TD Bank says that another 25 basis point rate hike from the Bank of Canada next Tuesday is a “slam dunk”, calling it “as close to a done deal as it gets”. Markets can expect the tightening to continue, it says.

In the bank’s Monetary Policy Monitor released today, Marc Lévesque chief strategist, North America?foreign exchange and fixed income research, TD Securities, notes that this would be the third consecutive hike since the Bank of Canada moved off the sidelines in September, and the markets are fully anticipating the move. “There is not an analyst to be found expecting the Bank to do otherwise,” he notes.

There is certainly nothing on the economic front to justify the Bank taking a pause, he argues. He adds that Bank of Canada officials have done nothing to dissuade financial markets from pricing in several more rate hikes.

“Bank officials have been going out of their way to counter some of the increasingly popular objections to further rate hikes,” he observes. “As the argument goes, the Bank cannot keep tightening, because although the economy is doing well in the aggregate, that performance masks important differences in growth between sectors (oil and gas vs. manufacturing) and between regions (Alberta vs. central Canada). In a nutshell, the Bank cannot raise rates when manufacturing, which is heavily concentrated in central Canada, is still adjusting to the stronger currency.”

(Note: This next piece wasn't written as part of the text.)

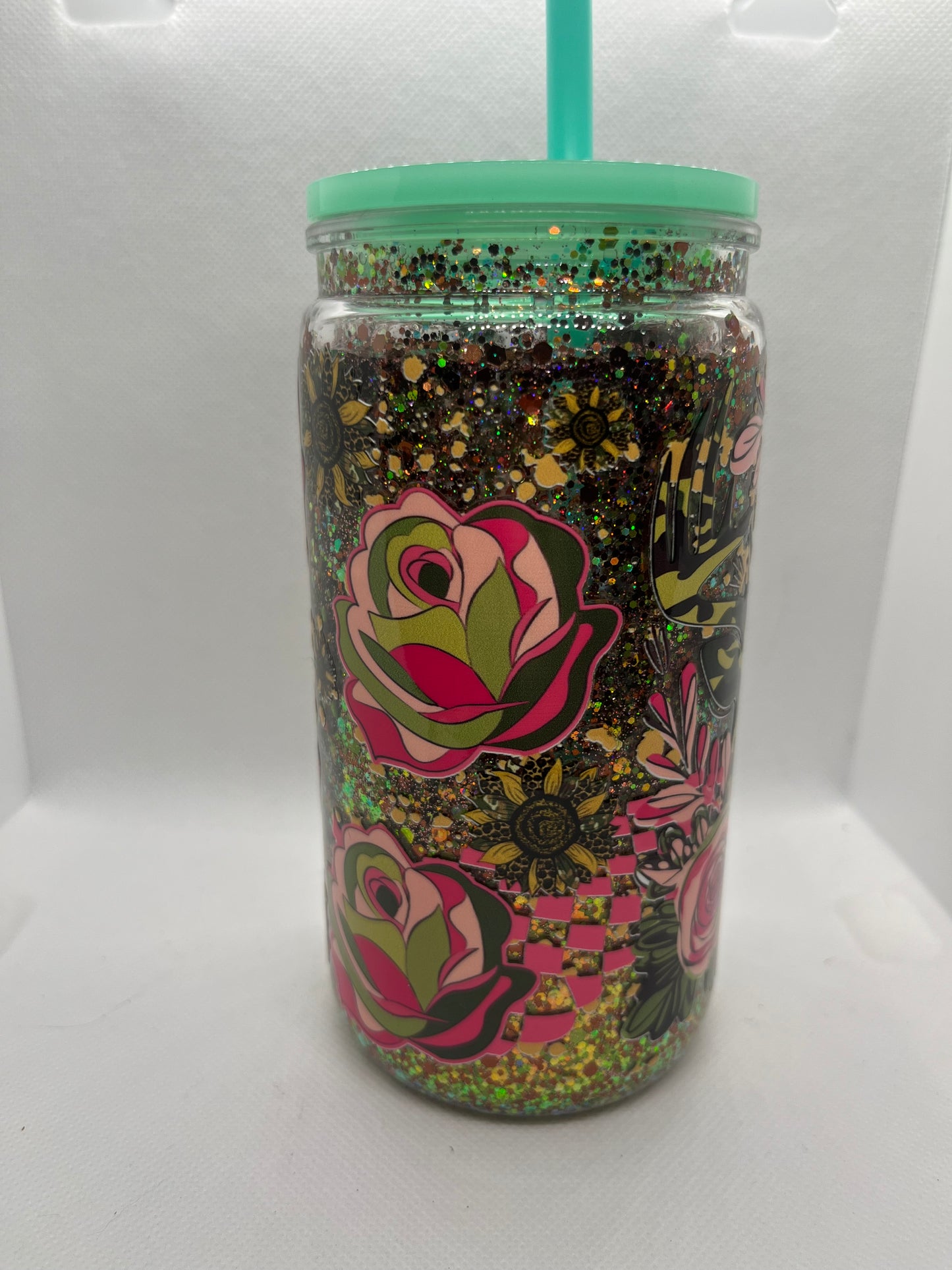Camo & Floral Glitter Snow Globe Tumbler – 16 oz Plastic Cup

However, Lévesque says that Bank governor, David Dodge, has been taking jabs at the argument in recent speeches. And, in his most recent talk, senior deputy governor Paul Jenkins went straight for the knockout punch.

In Jenkins’ words, “Our latest Business Outlook Survey suggests that, overall, companies continue to be positive about the economic outlook and that investment and hiring intentions remain firm across all regions and most sectors”. And, “Monetary policy, which is the responsibility of the Bank of Canada, is national in nature and scope. We need to look at what is happening across Canada, add it all up, and gear monetary policy to the needs of the entire country. The best contribution monetary policy can make to the adjustment process is by aiming to keep inflation at 2% over the medium term and the national economy operating close to its production capacity.”

“The gist of the argument is that monetary policy is not able, in any event, to deal with these discrepancies. Arguably, that is the domain of fiscal policy. But, more importantly, the simple fact that Mr. Jenkins went out of his way to quash the arguments says something about the Bank’s implicit intentions over the next few [rate announcements],” Lévesque concludes.